Auch erriet Meister Ludwig, daß der Este diese seine Herabwürdigung und Entwertung nicht immer dem Hasse der Menschen oder dem blinden Verhängnisse, sondern, in gewissen Augenblicken wenigstens, einer eigenen Verschuldung zuschrieb. So mußte es in der Tat sein. Diese mußte teil daran haben. Wenn in des Dichters sonst so hellen Bildern mitunter die Nemesis waltete—wie bisweilen ja auch in der wirklichen Welt, laut dem Sprichworte, die Strafe der Missetat auf dem Fuße folgt—, dann versank Don Giulio in Nachdenken, und Ariost vernahm wohl einen erstickten Seufzer.
Bei solchen Wahrnehmungen aber hütete er sich, auf ein Gefühl, das er an sich selbst nicht kannte und das ein flüchtiges sein konnte, unzart zu drücken, teils weil er jedes fremde Eingreifen in einen Seelenvorgang als Gewalttat verabscheute, teils auch, weil er sich, leicht beschwingt, wie er war, und immer auf die sonnige Oberfläche der Dinge zurückstrebend, am wenigsten dazu berufen fühlte.
Denn der Quell echter Reue, das wußte er, sprudelt in heiligen Tiefen, und nur in der einsamen Stille seines göttlichen Ursprungs waschen sich schuldige Hände und Seelen rein.
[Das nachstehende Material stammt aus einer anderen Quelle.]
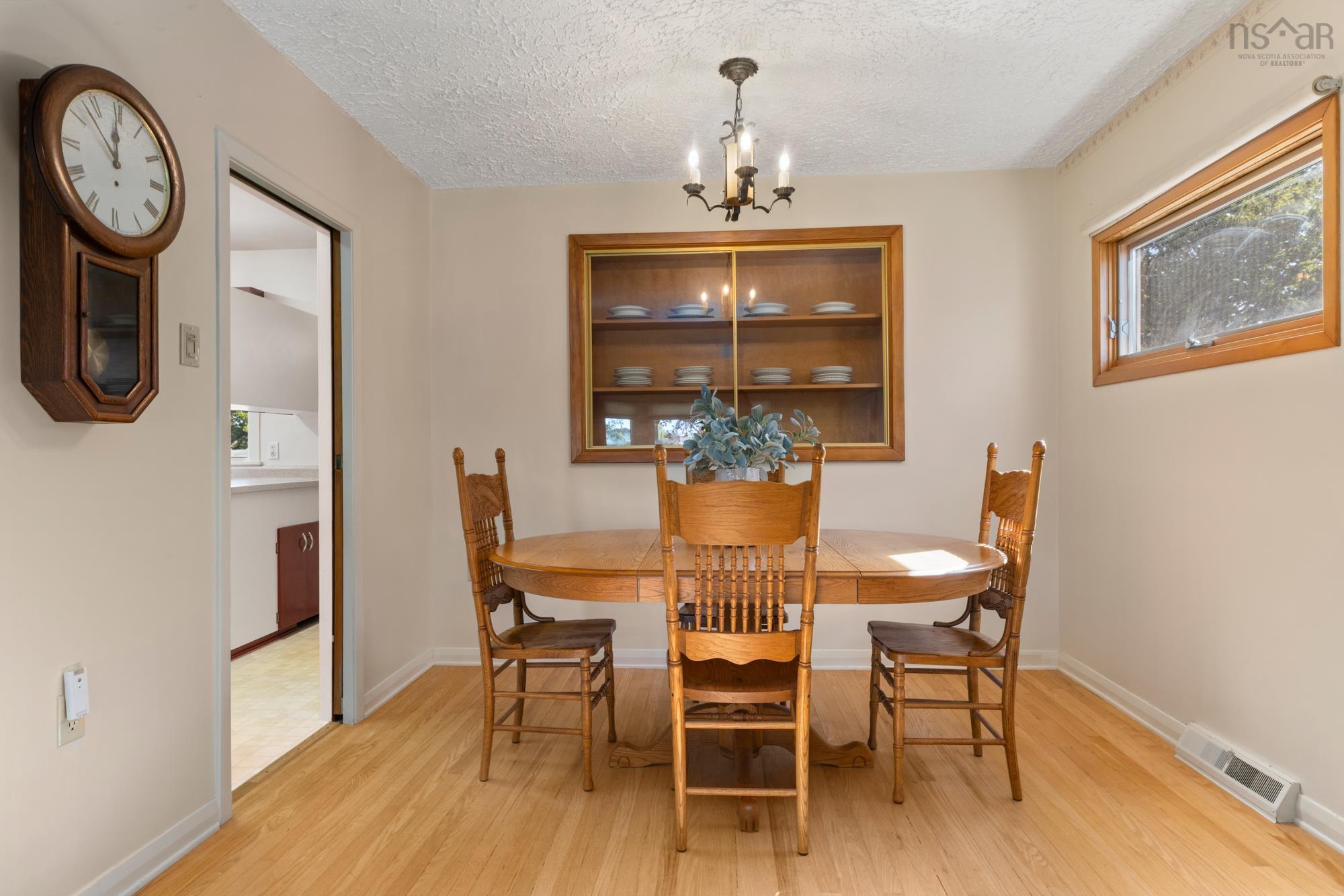 $508,000.00: 8 Muriel Avenue, Dartmouth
Ihm aber schauderte vor dem Verharren in solcher gestaltlosen Tiefe. Alles, was er dachte und fühlte, was ihn erschreckte und ergriff, verwandelte sich durch das bildende Vermögen seines Geistes in Körper und Schauspiel und verlor dadurch die Härte und Kraft der Wirkung auf seine Seele.
Meister Ludwig trug auf der Tafel seiner offenen Stirn das sittliche Gebot geschrieben, doch allerlei lustiges und luftiges Gesindel tanzte über die helle Wölbung und hauste in den dahinterliegenden geräumigen Kammern, ohne daß der Dichter selbst seine Mieter alle recht gekannt hätte.
Auf Don Giulio aber wirkte er wohltätig, und wenn er von ihm schied und der Este ihn begleitete, gingen sie Hand in Hand durch den Platanengang von Pratello, ohne daß der Blinde den Schauenden beneidete, oder dieser jenen bemitleidete, als zwei gute Brüder; denn die Liebe hatte für den Augenblick jeden Unterschied zwischen ihnen aufgehoben.
Mehr Besuche aber noch als von Ariost erhielt Don Giulio von seinem Bruder Don Ferrante. So mischte sich ein dunkles stygisches Gewässer in den hellen Einfluß des Dichters und verwüstete Don Giulios Seele in einer Tiefe, wohin Ariost nicht gelangen konnte.
Don Ferrante war ein wunderlicher Zwitter, gemengt aus geistiger Armut und unerschöpflichem Erfindungstriebe. Seine Jugend war unter dem Drucke beständiger Furcht verkrüppelt. Als Kind schon Zeuge unzähliger Intrigen und Komplotte in Ferrara selbst und ängstlicher Zuhörer, so oft noch grausamere Dinge von den anderen italienischen Höfen seiner Zeit berichtet wurden, fühlte er sich von jeher von Schrecknissen umgeben, denen seine unehrliche und machtlose Natur keinen andern Widerstand entgegensetzen konnte als den der wechselnden Maske und der seltsamsten Erfindungen. Er verleumdete, um der Verleumdung die Spitze zu bieten; er zettelte kleine Verschwörungen an, um keiner Familienintrige zum Opfer zu fallen. Alles aus geheimer Furcht und ohne Ernst und Folge, außer daß er dabei immer unwahrer und verschrobener wurde.
An jenem Abend aber, da derjenige seiner Brüder, gegen den er am wenigsten Mißtrauen hegte, auf schauerliche Art in der Mitte des Hofstaates überfallen und der Augen beraubt wurde, geschah ein Riß in seinem schwachen Geiste, und von nun an stand es ihm fest, daß er selbst, als der gefährlichere der beiden, wie er meinte, einer noch schrecklicheren Vernichtung entgegengehe.
Die krankhafte Angst, die ihm keinen harmlosen Moment mehr gönnte, ihm den Schlaf raubte und ihn jede Speise, jeden Becher beargwohnen ließ, steigerte seine Furcht vor seinen zwei regierenden Brüdern zum verzweiflungsvollen Haß, und er entschloß sich, sie zu entthronen und zu töten.